**ACTION ITEM**
Should the entries contain pictures, leave them out and return exactly the lines from the first through the line holding "On closer inspection".

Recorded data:
====================

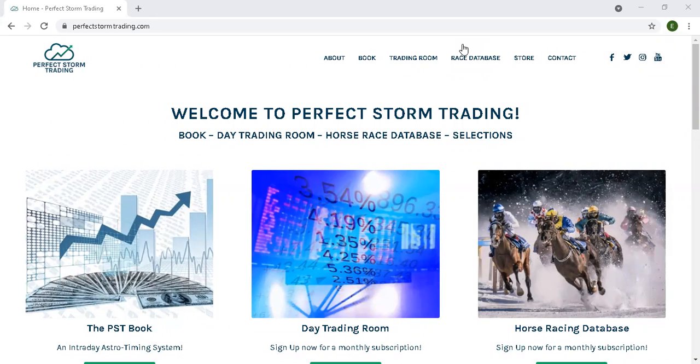Good morning. It is Friday, July 9th, 2021. Welcome to the Perfect Storm Trading YouTube channel.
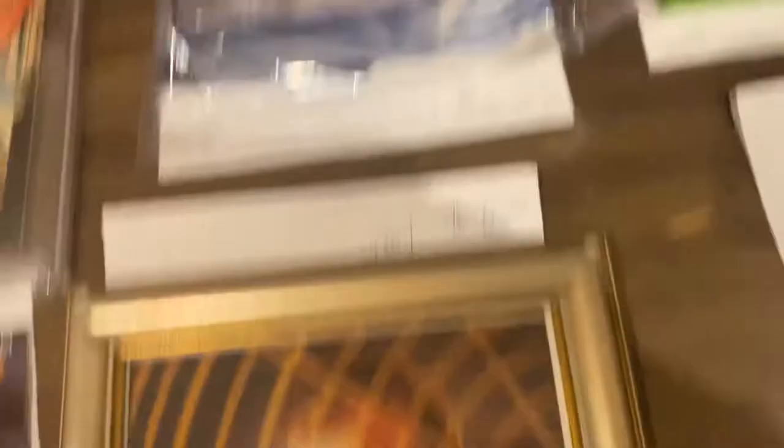We sold that Star Trek. And now we come down here and look — it's the king of all Star Trek: William Shatner. And this is his autograph. It's not authenticated, but everybody knows William Shatner's autograph. This came in a collection where I don't disagree with the authenticity. $125 on that one.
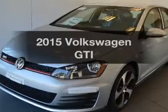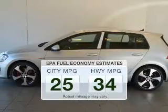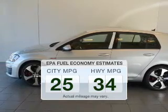Travel the roads in style and comfort in this great vehicle. Save your money — make fewer trips to the gas station to fill your gas tank when driving this fuel-efficient vehicle.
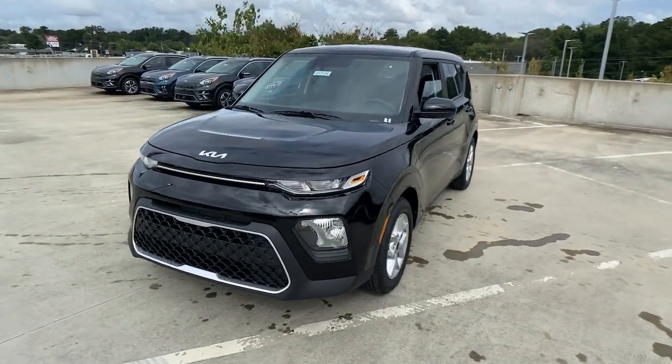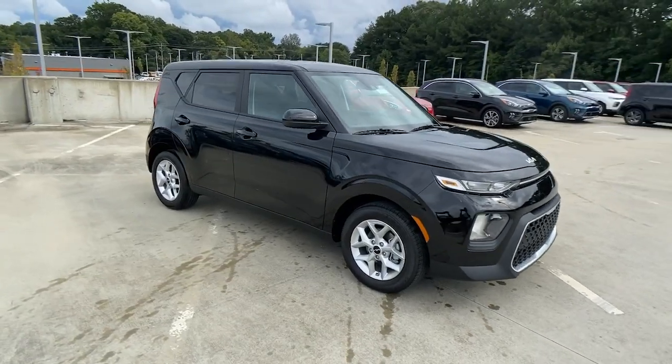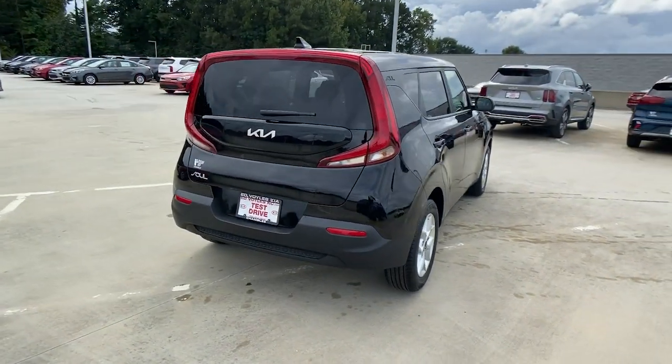Picture yourself in the 2022 Kia Soul. Drive your own unique sense of style in this iconic soul, the spirited subcompact crossover SUV that's daringly different.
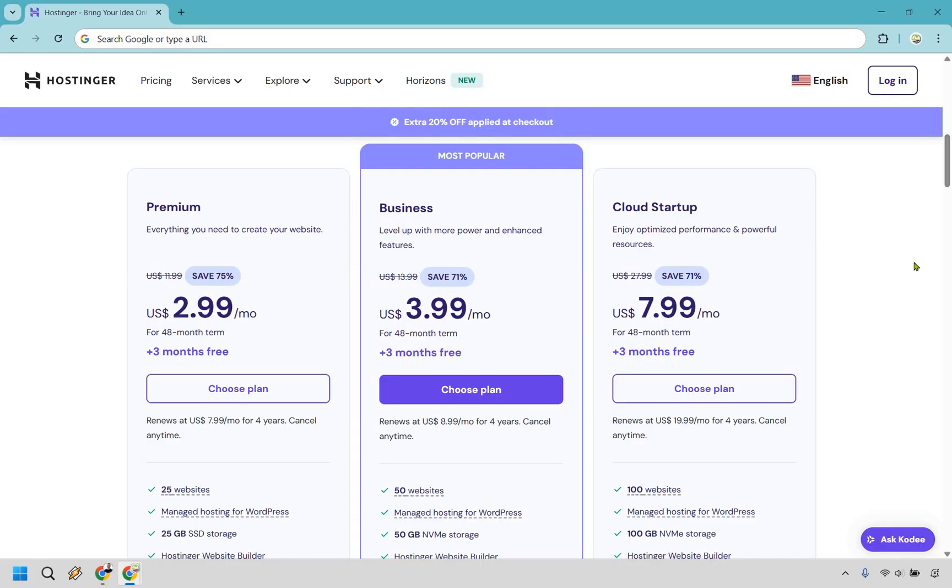I'm going to make the assumption that you're more towards the beginner stage of creating a website and you want to get hosting. Something like the premium plan would be ideal — maybe you just need one or two websites and don't need a whole lot of traffic. $2.99 per month is what you're going to be looking at, and keep in mind, this is going to be for a 48-month term.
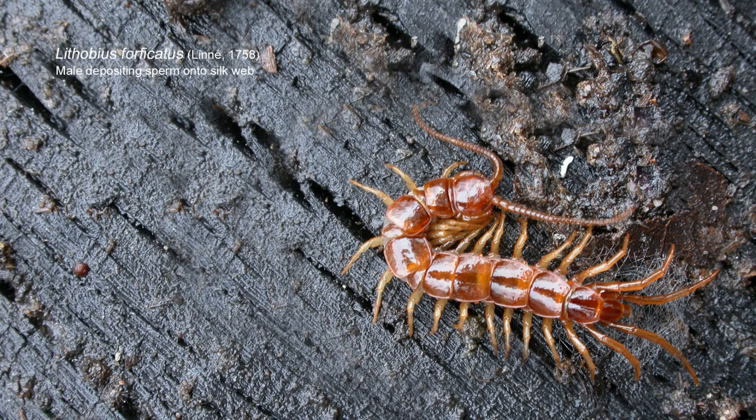On closer inspection there was a small bit of webbing. You may not think that centipedes can produce web, but some species certainly can — and Lithobius forficatus is one such species. That web is produced by the male, I believe by the male only. There is a purpose in the male constructing a small sheet of very fine silk: to deposit his sperm onto it. That sperm is then gathered up by the female and can be held for many months before being used, or used on and off throughout that female's lifetime.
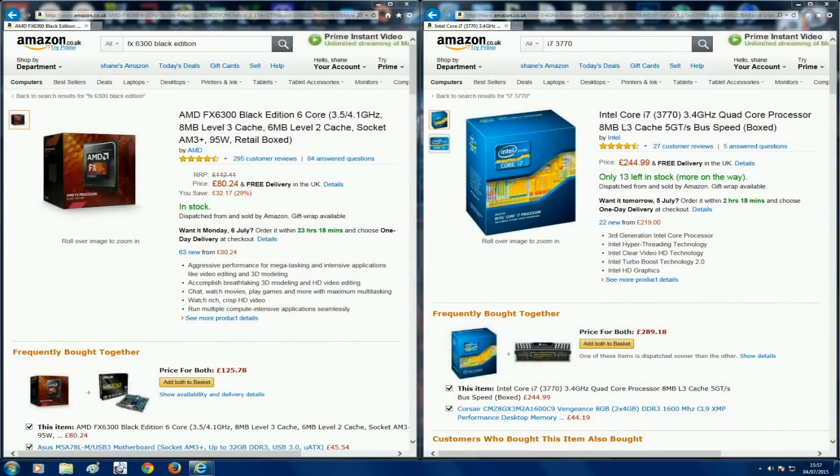Hey guys, it's Bang for Buck PC Gaming here. I'm going to demonstrate what happens when you pair a high-end graphics card like the GTX 980 Ti with a mid-range CPU like the AMD FX 6300. When you're building a gaming PC, most people will tell you that the graphics card is the main and most important part, which is actually correct — that's what's going to give you the most performance. But the problem is if you skimp too much on the CPU, you'll end up hindering the performance of your high-end graphics card and ultimately you're not getting your money's worth.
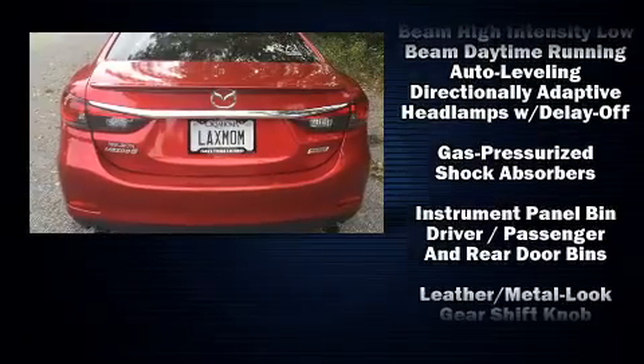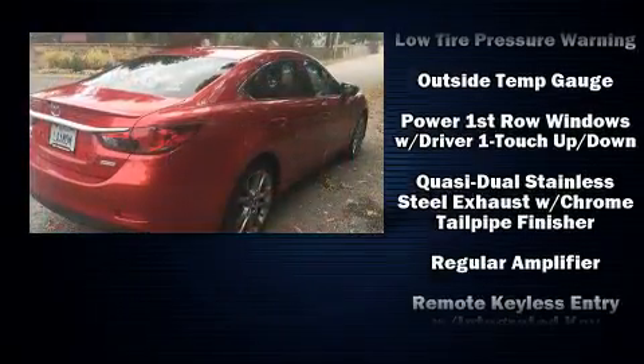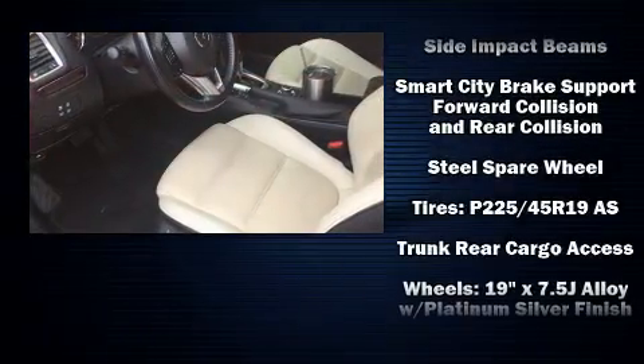Mazda also prioritized safety and security with features such as dual front impact airbags with occupant sensing, head curtain airbags, traction control, brake assist, anti-whiplash front head restraints, and ignition disabling.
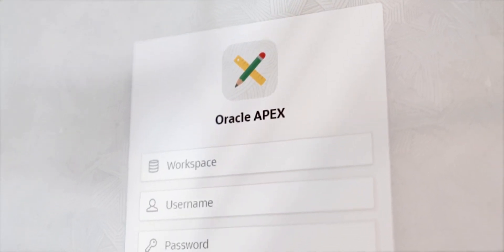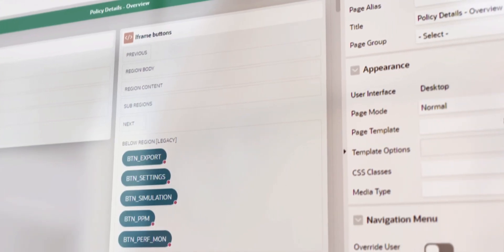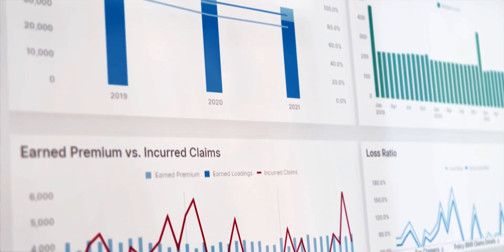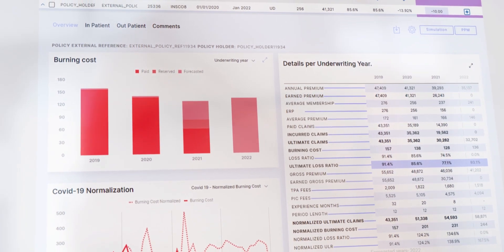We adopted Apex as a low-code platform. We reduced the time to prepare the reserving and the data mapping from 10-15 days to 20 minutes. The development of the solution took us three to four months.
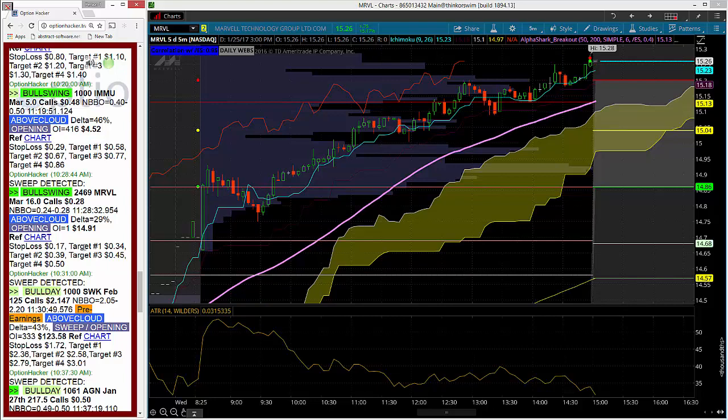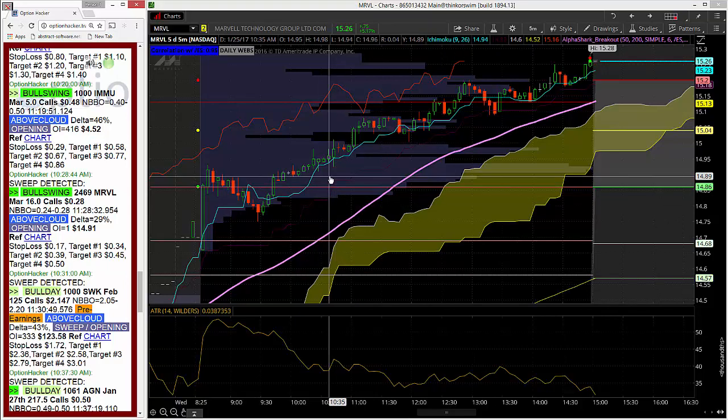Now this was just the beginning of what ended up being a massive amount of order flow in MRVL. By the end of the day, the total amount of volume on this line was almost 42,000 contracts. As you can see, the stock was trading $14.91 when they came in and bought these at about 10:28 Chicago time.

====================

**SOLUTION FOR THIS EXERCISE**
Good morning. It is Friday, July 9th, 2021. Welcome to the Perfect Storm Trading YouTube channel.
We sold that Star Trek. And now we come down here and look — it's the king of all Star Trek: William Shatner. And this is his autograph. It's not authenticated, but everybody knows William Shatner's autograph. This came in a collection where I don't disagree with the authenticity. $125 on that one.
Travel the roads in style and comfort in this great vehicle. Save your money — make fewer trips to the gas station to fill your gas tank when driving this fuel-efficient vehicle.
Picture yourself in the 2022 Kia Soul. Drive your own unique sense of style in this iconic soul, the spirited subcompact crossover SUV that's daringly different.
I'm going to make the assumption that you're more towards the beginner stage of creating a website and you want to get hosting. Something like the premium plan would be ideal — maybe you just need one or two websites and don't need a whole lot of traffic. $2.99 per month is what you're going to be looking at, and keep in mind, this is going to be for a 48-month term.
On closer inspection there was a small bit of webbing. You may not think that centipedes can produce web, but some species certainly can — and Lithobius forficatus is one such species. That web is produced by the male, I believe by the male only. There is a purpose in the male constructing a small sheet of very fine silk: to deposit his sperm onto it. That sperm is then gathered up by the female and can be held for many months before being used, or used on and off throughout that female's lifetime.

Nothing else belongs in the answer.